This raises the obvious question, “Who wants to own a carpet anyway?” Don’t people just want to walk on it and look at it? If so, shouldn’t the manufacturer be leasing a floor-covering service instead of selling a carpet? That way there is mutual benefit from this durability and dematerialization. The answer is yes, and the way to do it is to deliver the carpet in the European fashion, as carpet tiles, under a service lease. Every month, the little elves come in the night and take away the worn carpet tiles, but only those that are worn, which are about one-fifth of the total. The worn ones are instantly replaced with new ones, so your floor always looks fresh, but now you’re replacing only one-fifth as much carpet. Multiply that by the previous factor seven saving, and you have 97% less material use. When enough of the worn tiles have come back, you remanufacture them, saving 99.9% of the raw materials originally used in the once-through carpet-selling model.

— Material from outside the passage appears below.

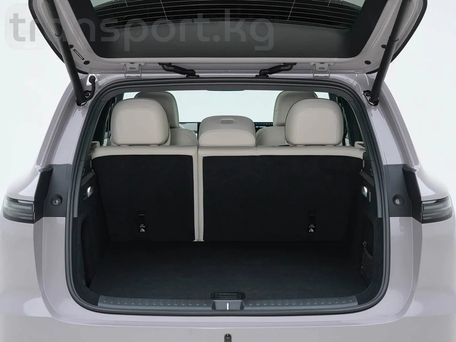 Li Auto (Lixiang) L6, 2026 — сүрөт 3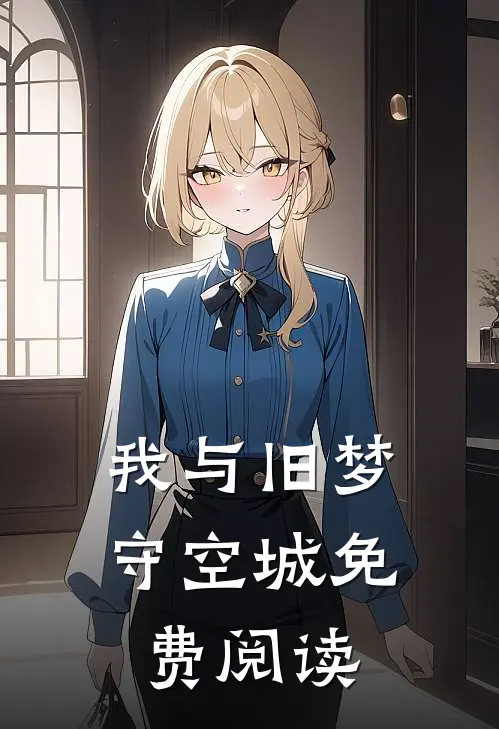 我与旧梦守空城免费阅读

Now imagine that you’re a normal carpet maker, selling rolls of carpet. How are you going to compete with this company that uses a thousand times less raw material than you do, and ten times less capital, to produce a better service at a lower cost and a higher margin, and provides a tax-deductible operating lease to the customer? Answer: you’re not. This is an example of the sort of breakthrough competitive advantage that natural capitalists can gain. In addition, even though Interface manufactures less carpet, it employs more people to deliver the service than were displaced at the factory—substituting abundant people for scarce nature.
The next step, now underway at Interface and illustrating principle four of natural capitalism, is to reinvest in natural and human capital. The way Interface will do this could be to make its product out of corncobs derived from organic corn grown by poor black farmers in the deep South in a way that restores soil fertility. The farmers will also get paid for taking carbon out of the air and putting it back in humus where it belongs. It’s a reinvestment back into rural culture, economy, and community.

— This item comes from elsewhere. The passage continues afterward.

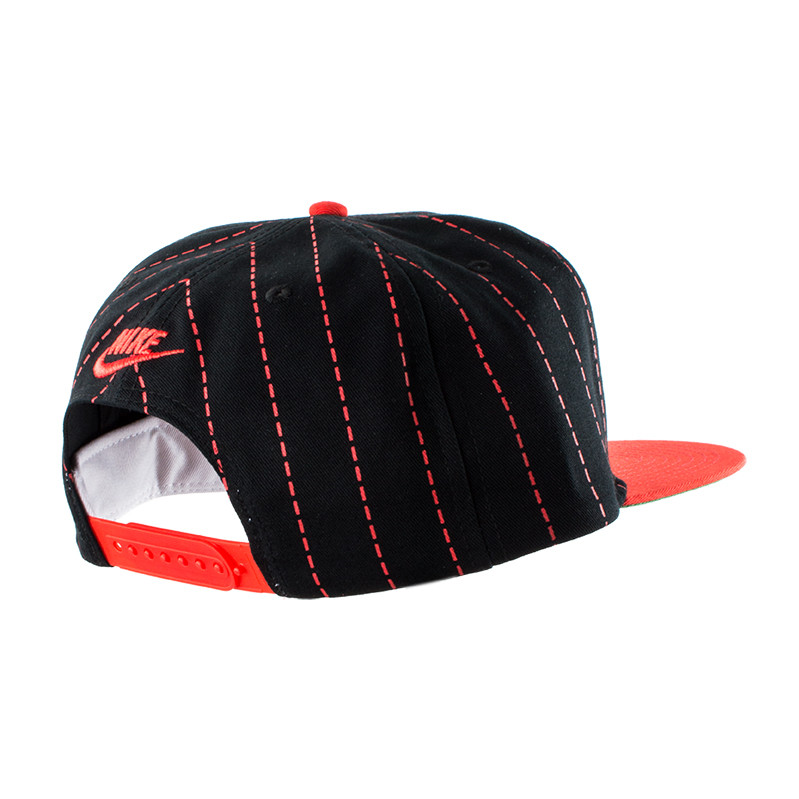 Бейсболка Nike U NK PRO SSP SCRIPT CAP DJ5695-010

These innovations are good business: in the first four years on this new tack, Interface more than doubled its revenues, more than tripled its operating profits, and nearly doubled its jobs, all at the same time. And the workers are much more excited, because they no longer feel any contradiction between what they’re doing on the job and what they want for their kids when they go home. When that happens, neither the managers nor the competitors can keep up.

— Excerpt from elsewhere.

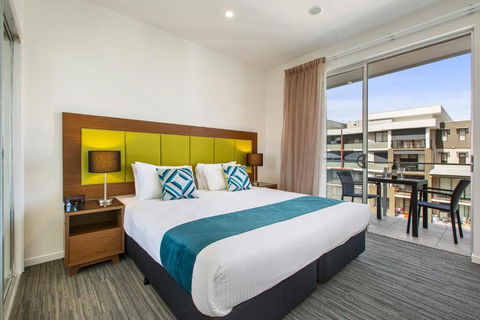 Quest Chermside On Playfield - Accommodation Port Macquarie 0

I was there when the designer of this remarkable Solenium product, David Oakey, wandered in with a dreamy expression, having just figured out how to do this impossible thing. He said: “You know, God must be an environmentalist. As soon as we figured out what questions to ask, it all fell into place, and we got every attribute we wanted, none we didn’t want, and a lot of cool stuff we never thought to ask for.” This is a typical outcome when you finally get the statement of the design problem right. It’s worth waiting for.
To sum up the prevalent practice that Interface is transforming: We take out of the earth, out of natural capital, substances that are grown or mined, and from that extracted flow we make a mixture of products and wastes. After the products are used, they are either thrown away or brought back to create value as what Dr. Michael Braungart calls a “technical nutrient,” or as compost to feed nature.
The trouble is that in this country, about 83% of what we extract is mined, and we grow only 17%, much of it unsustainably. The resulting flow of material, twenty times our body weight per person per day, is then about 93% wasted, either in extraction or in manufacturing, with only 7% going into products, of which about six-sevenths is consumer ephemerals, promptly thrown away after one use or no use. The remaining 1% ends up in durable products, 98% of which then are thrown away and 2% recycled or remanufactured. This system is thus approximately 99.98% pure waste—a huge business opportunity. Moreover, a lot of the waste is toxic, so when it goes back into nature, there being no other place for it to go, it harms the regenerative capacity we need in order to keep having the biotic resources and ecosystem services we can’t live without. This is a bad design. Let’s change it.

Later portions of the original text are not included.